## Provided information:
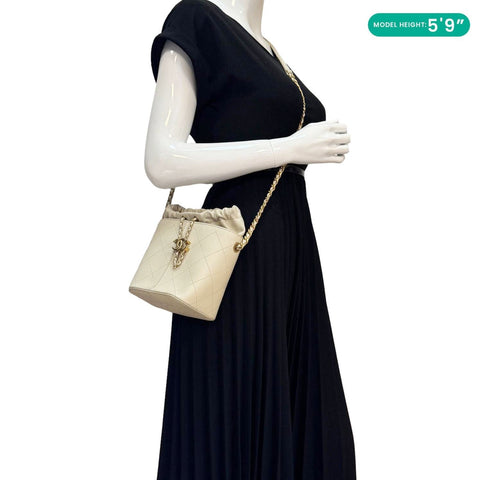 CHANEL CC Drawstring Quilted Leather Crossbody Bucket Bag Cream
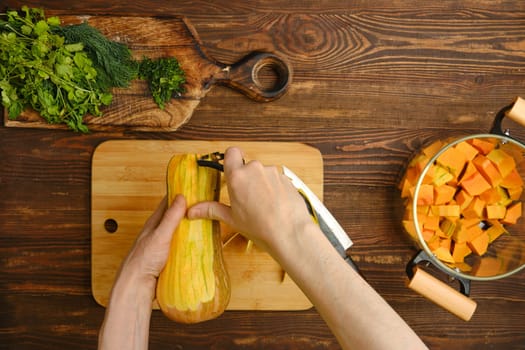 A person skillfully peels a butternut squash, surrounded by fresh herbs and diced squash. The warm wood tones of the kitchen create a welcoming atmosphere for cooking.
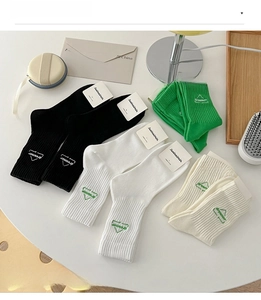 Flat lay of ribbed cotton mid-calf socks with dreamer embroidery in various colors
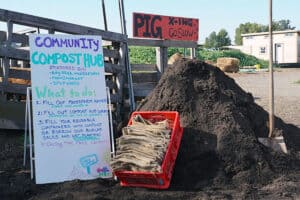 Alameda Post - a photo of a large pile of compost, a box of reusable bags, and an instruction white board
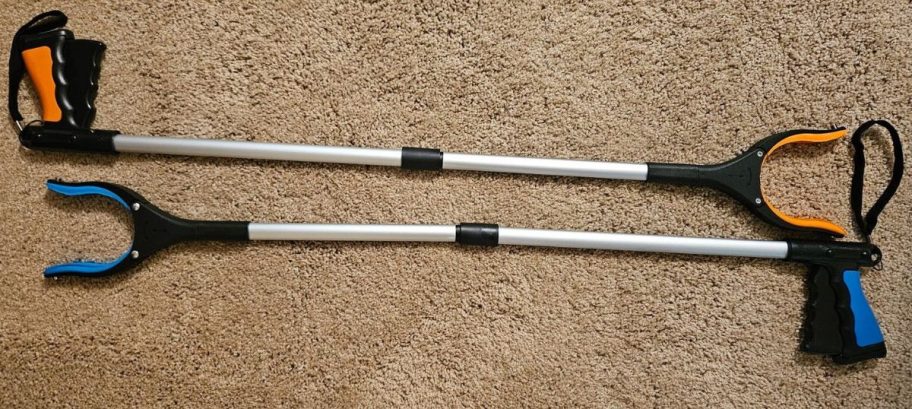 two foldable grabbers on carpet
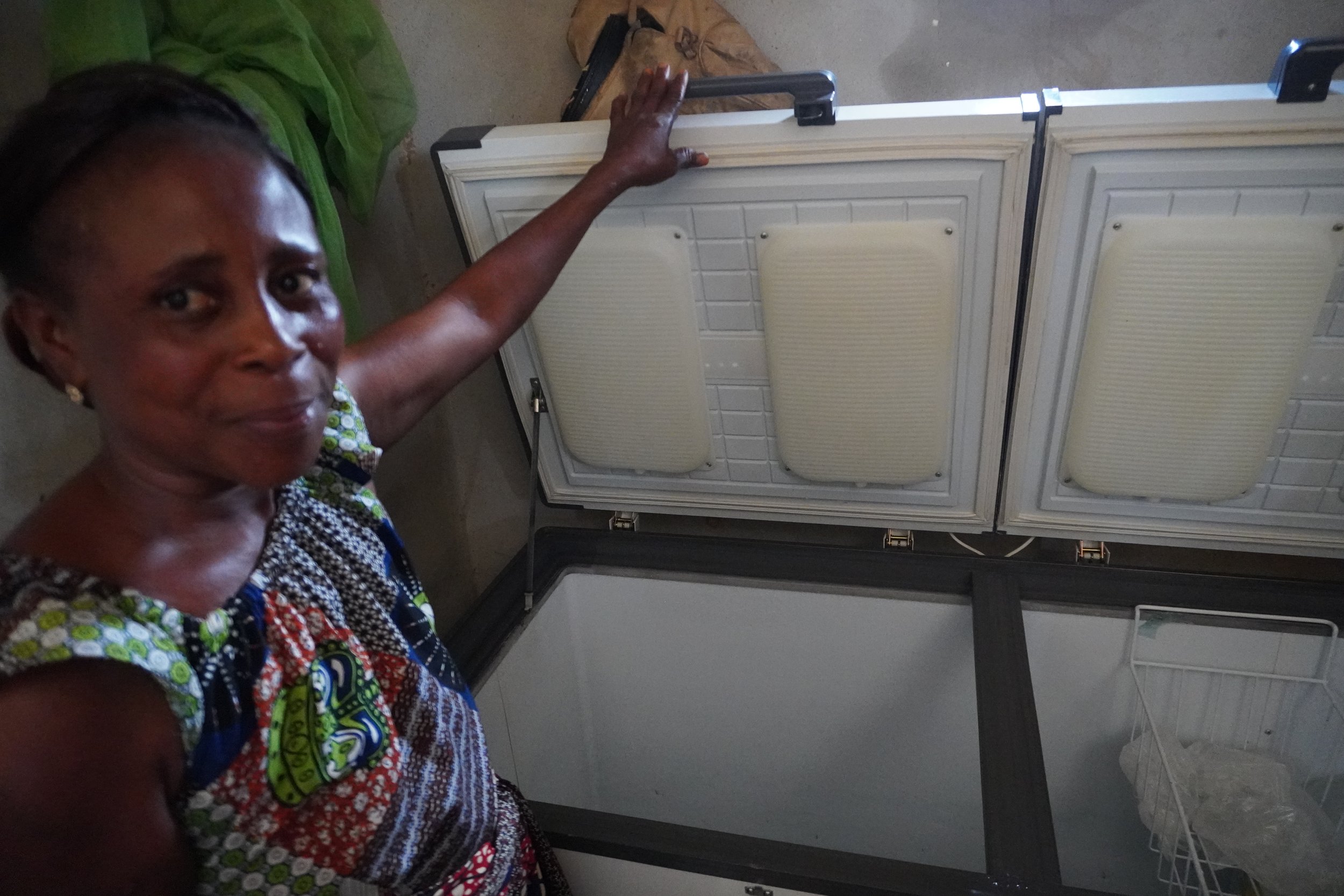  Charlotte Wadé enthusiastically shows the inside of the solar freezer where the AFDD women can store fish. It also allows them to make ice, which is essential for preserving fish until they reach the market: " Often, we have to wait for the tricycle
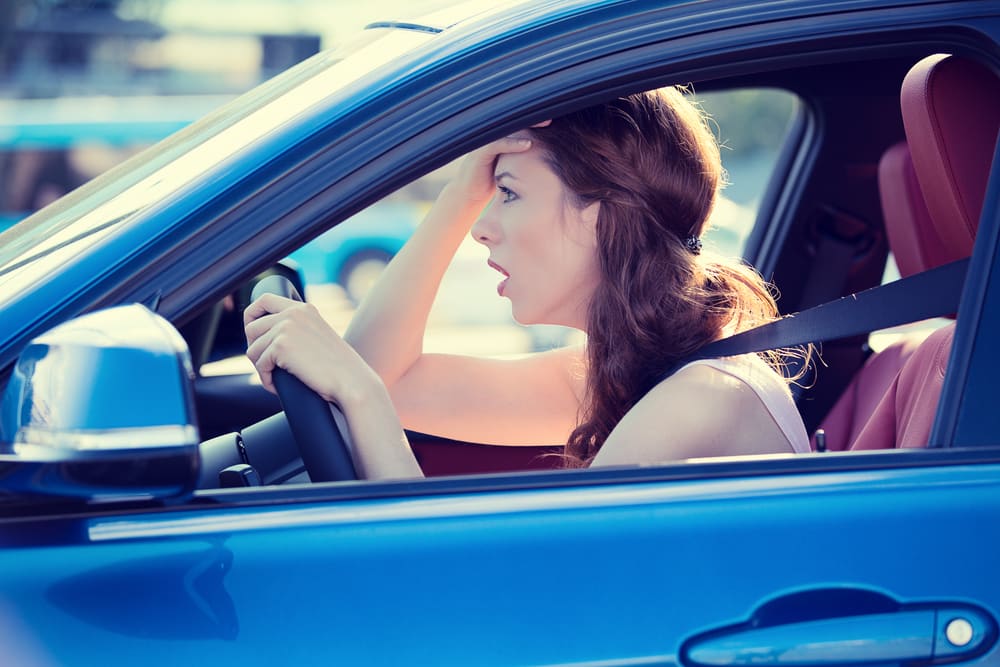 Woman who is upset because she just got into a car accident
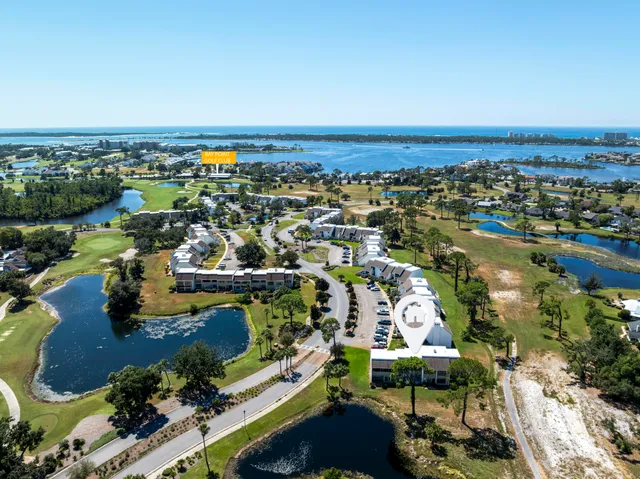 an aerial view of residential building and lake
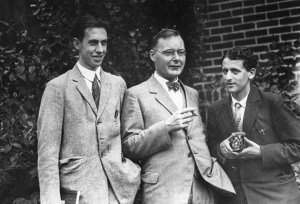 Three men in vintage black and white photograph: George Uhlenbeck (left) with Hendrik Kramers (middle) and Samuel Goudsmit, taken around 1928 in Ann Arbor, MI. Three men in vintage black and white photograph: George Uhlenbeck (left) with Hendrik Kramers (middle) and Samuel Goudsmit, taken around 1928 in Ann Arbor, MI.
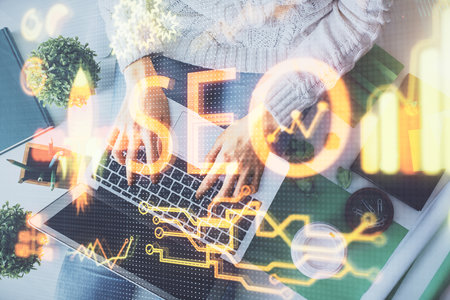 Double exposure of woman hands working on computer and SEO hologram drawing. Top View. Search...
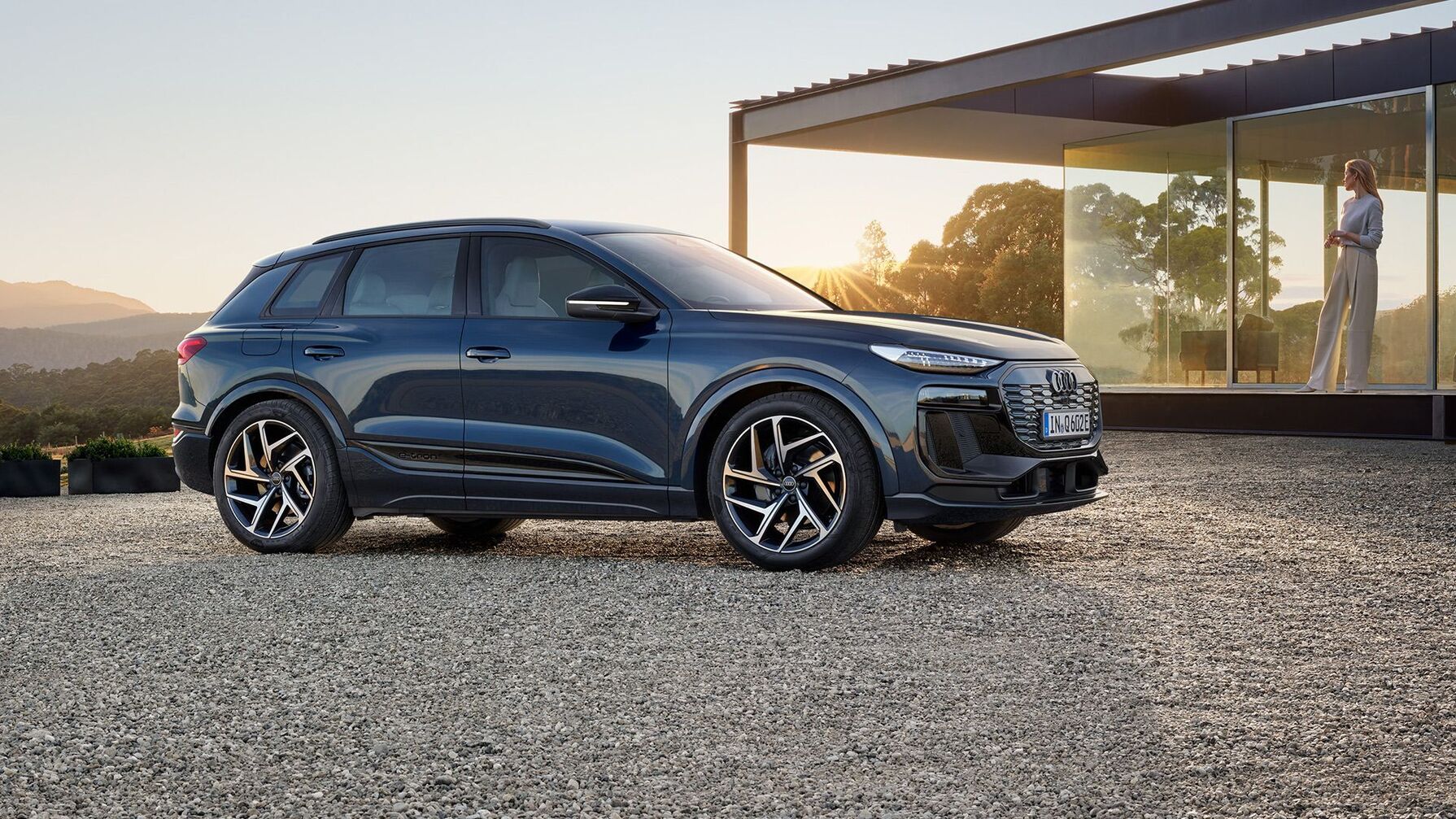 Audi Q6 SUV e-tron vor einem modernen Haus mit großer Fensterfront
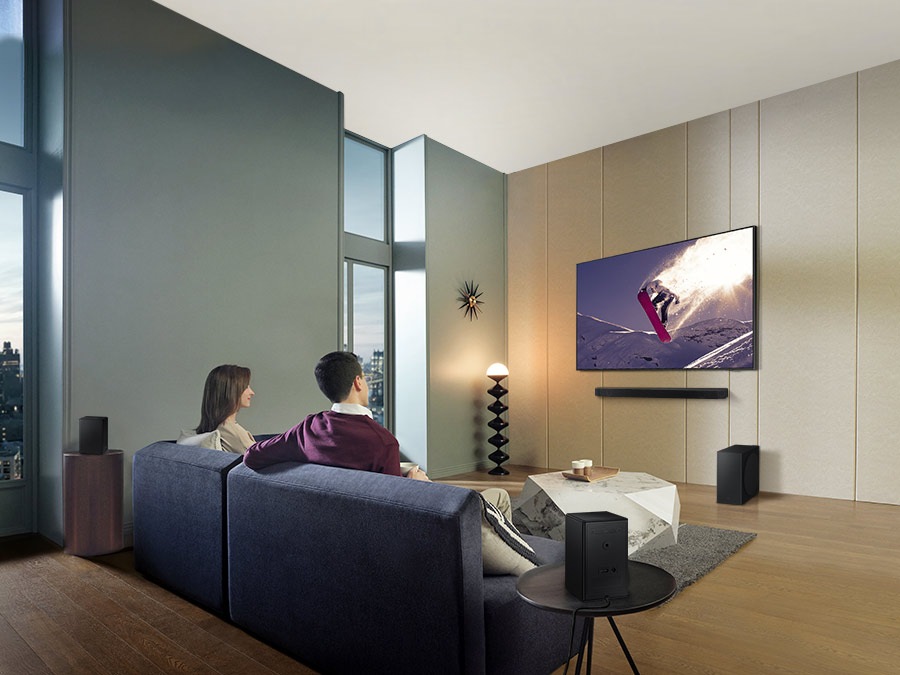 Family watches animation in immersive surround sound with Samsung Wireless Rear Speaker Kit and Soundbar activated together.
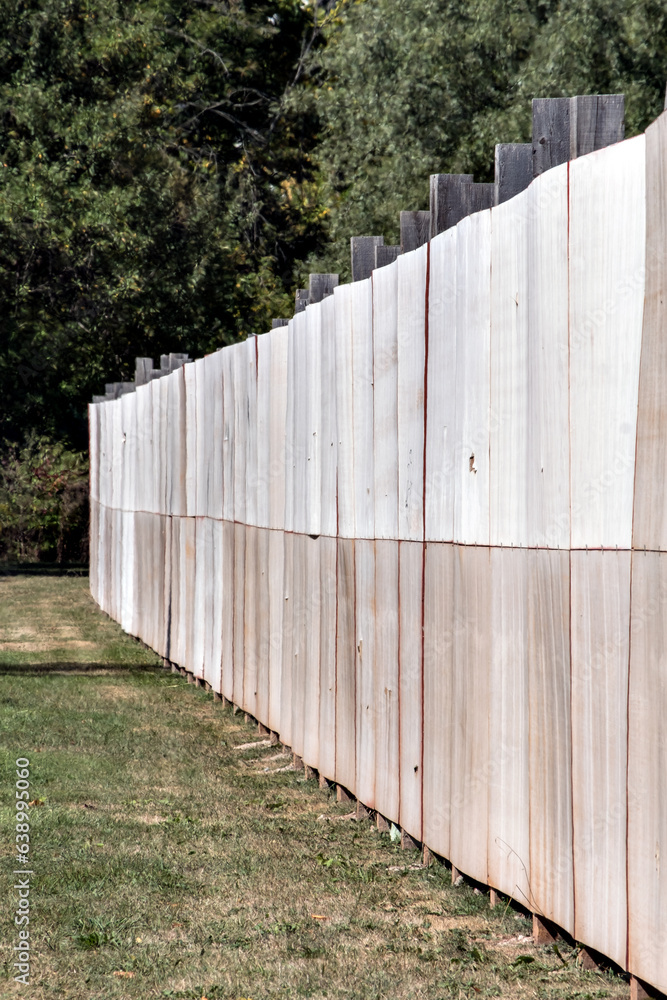 Wooden fence in a park with trees in the background in autumn Wooden fence in a park with trees in the background in autumn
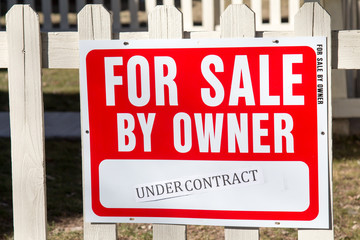 For Sale by Owner sign on picket fence, under contract
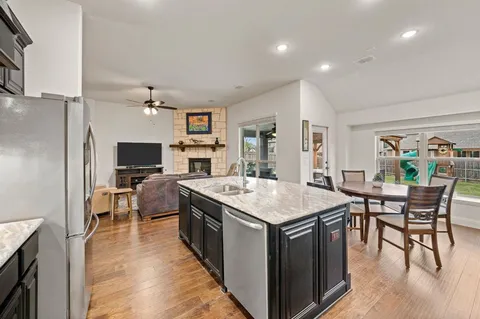 a open kitchen with stainless steel appliances granite countertop a stove top oven a sink a dining table and chairs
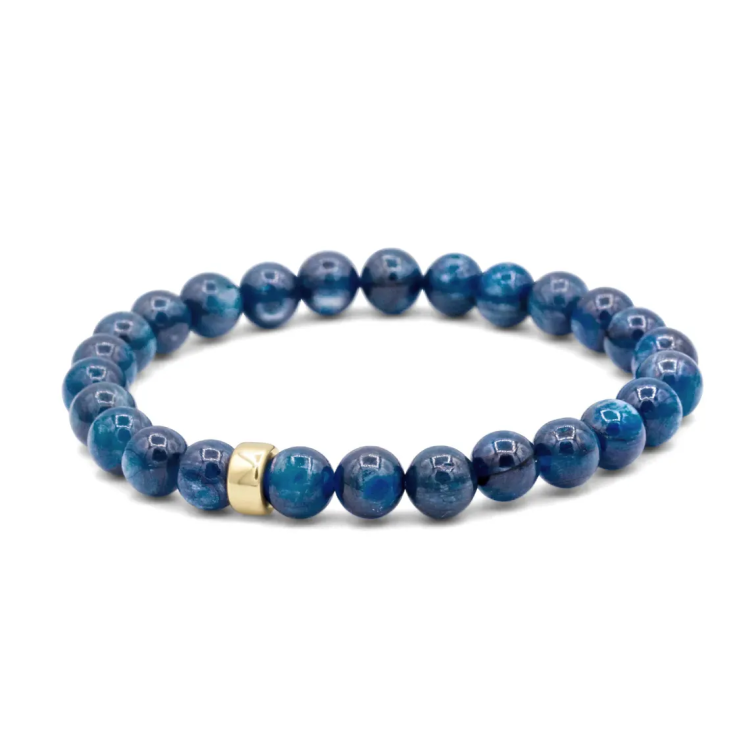 Dark blue 7.5mm Kyanite crystal beaded bracelet from T.M.J, featuring plain round beads on a stretch cord.
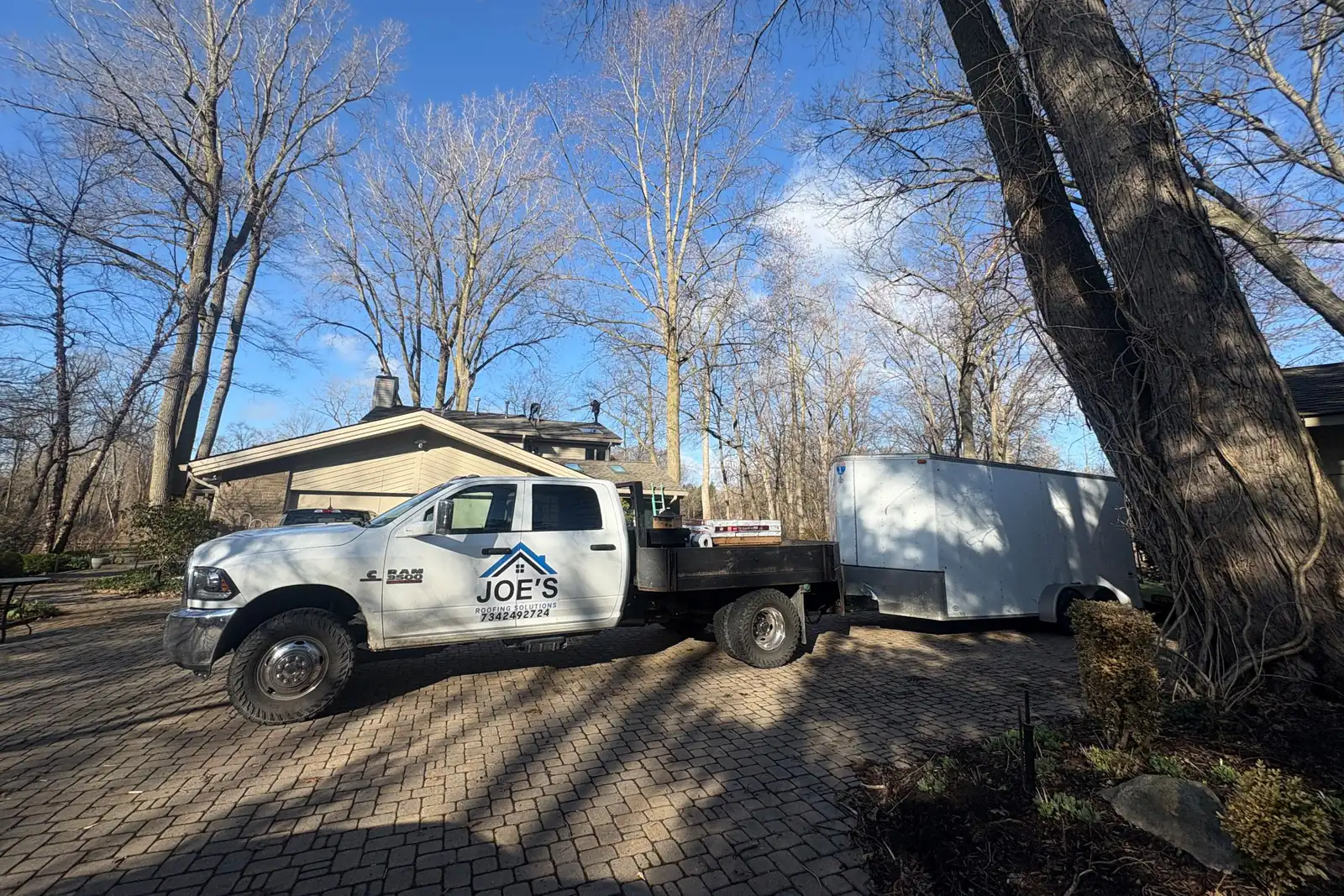 The Joe’s Roofing Solutions flatbed truck and enclosed trailer parked in a customer’s driveway.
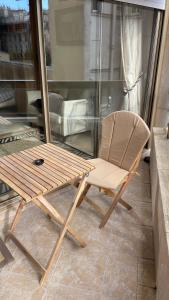 a wooden chair sitting on top of a balcony at Un studio de luxe Les Champs Elysées in Paris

## What you have to do:
Exactly the lines from the top of the entries through the line with "Alameda Post - a", inclusive, must be given again, with every picture omitted.

## Expected output:
 CHANEL CC Drawstring Quilted Leather Crossbody Bucket Bag Cream
 A person skillfully peels a butternut squash, surrounded by fresh herbs and diced squash. The warm wood tones of the kitchen create a welcoming atmosphere for cooking.
 Flat lay of ribbed cotton mid-calf socks with dreamer embroidery in various colors
 Alameda Post - a photo of a large pile of compost, a box of reusable bags, and an instruction white board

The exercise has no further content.